Pure White Backgrounds: What a leason I learned!
Of course isolating an object on a white background, I always try to touch-up on Photoshop. I'm still learning all of Photoshop's amazingly helpful touch-up functions but this one is the latest lesson learned. Only after my "Budget" picture was posted on my portfolio did I notice an odd, gross looking light, very light gray triangle shape on top of the measuring tape. Then my eye was drawn to other smaller areas randomly around the rolled-up dollar bill. What is that I asked?? I tilted my laptop screen in every angle and with each twisted it showed up worse. After awhile, every time I signed into DT I could only see that hazing gray on my picture. Now, after the file has been viewed 3 times and no bites, I had to be concerned a little. I went back to the original and after tilting the laptop screen again, there it was!

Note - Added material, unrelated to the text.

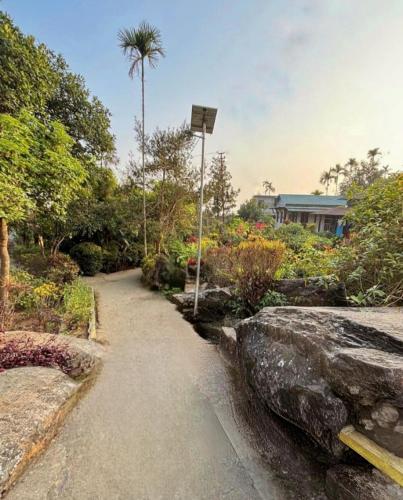 Travellers Hut Homestay Mawlynnong l Blossom Garden in Pynursla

I'm sure to some, you're shaking your head and probably have experienced this mistake before. But when I did my touch-ups in Photoshop I had missed those few areas with my brush and the original slightly grayer background was still present. I took the picture back into my design area, set the calculation tab, opened my channels, darken the levels in my alpha layer, and there they were! Those areas I forgot were just shining bright, mocking me. Well, I took care of them and resubmitted my picture with a very apologetic note to the editors/reviewers. As I writing this I am still waiting to hear back on it's approval.
Being a researcher by nature, I scanned the internet for every possible way to completely isolate an object and create a pure white background. And probably without me having to say, there are multiple, multiple ways of doing this. So I put this out to our community and ask what techniques you guys use to double, triple check that your isolated photos have a crisp completely white background before submitting?